These summer visitation FAQs can help you understand your rights concerning visitation during the summer months. Parenting plans generally address the issue, but problems still crop up as outlined by the questions below:
Angie's Question: My sister has sole physical and legal custody. There is nothing in the divorce paper about vacation times. Her ex says he has first choice and is telling her she has to work around his vacation time. Also, when he takes the kids on vacation, he won't tell her where they are going and when she talks to the kids he will not let them tell her where they are. Is there anything she can do about this situation?
Brette's Answer: She could request that the order be modified to specify when each vacation will be and that each parent must notify the other of contact information and location for the trip in advance. It can also specify contact with the children while they are away.
Teresa's Question: The joint custody paperwork reads I get alternating weekends and am to pick the kids up from school Friday afternoon and drop them off at school Monday morning.
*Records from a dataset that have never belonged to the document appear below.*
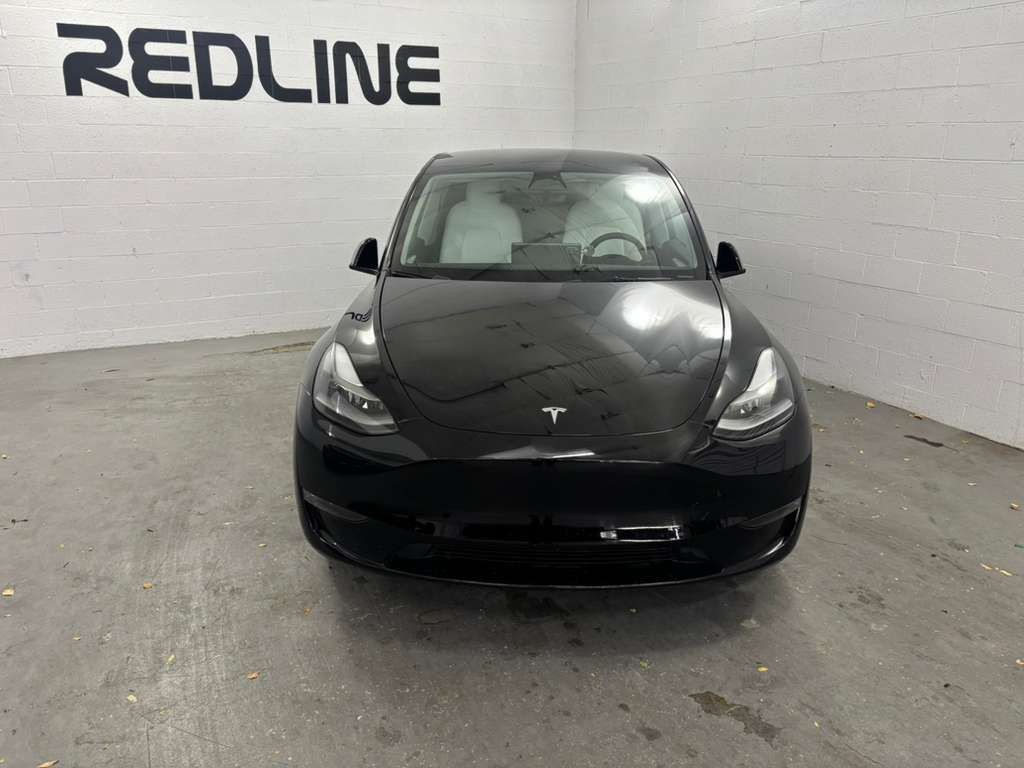 2023 Tesla Model Y Image 2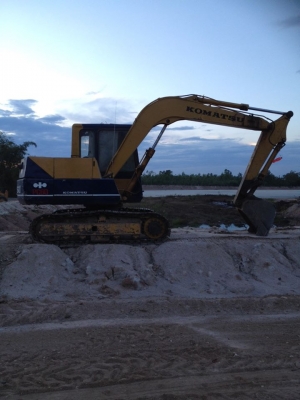 รถขุด KOMATSU PC60-5 รถขุด KOMATSU PC60-5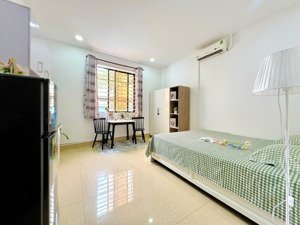 cho thuê căn hộ dịch vụ cửa sổ thang máy ngay vạn hạnh mall, đại học bách khoa, huflit, y khoa pnt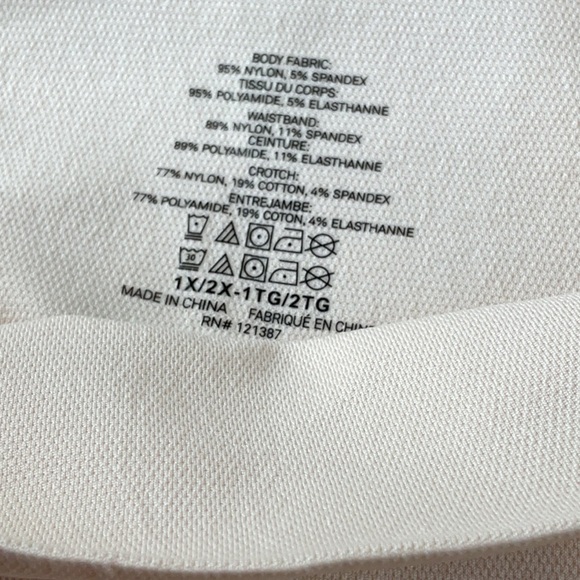 🌸2 pc bundle Shaper Briefs - Picture 6 of 10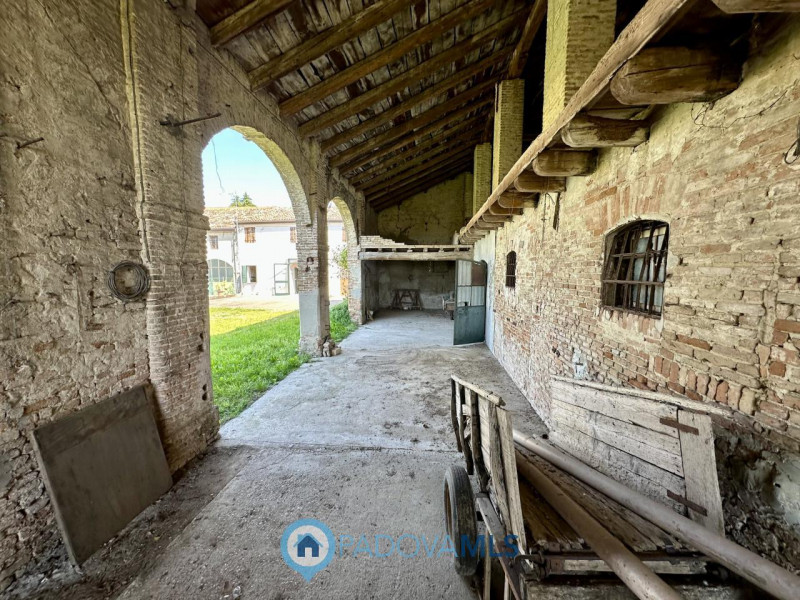 RUSTICO CON TERRENO AGRICOLO A CASALSERUGO €.250.000 - rif.1691

Il rustico in vendita a Casalser...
Our papers also say I get 4 weeks in the summer. Do I still get my Friday through Monday during the summer or just the 4 weeks?
Brette's Answer: If the order does not specify a change for summer, you would stick to the same schedule. Normally this means you get your 4 weeks, then the rest of the summer you get the regular schedule, unless your ex has some specific vacation time as well.
Jo's Question: Brette, I am not the custodial parent. My divorce decree states I have visitation rights every other weekend, every other holiday and half of the summer. My work schedule does not always allow for me keep this schedule, and it is almost impossible to keep to the 1/2 summer. Am I obligated to keep this schedule? Also my ex is constantly badgering me for extra money...how can I get him to stop?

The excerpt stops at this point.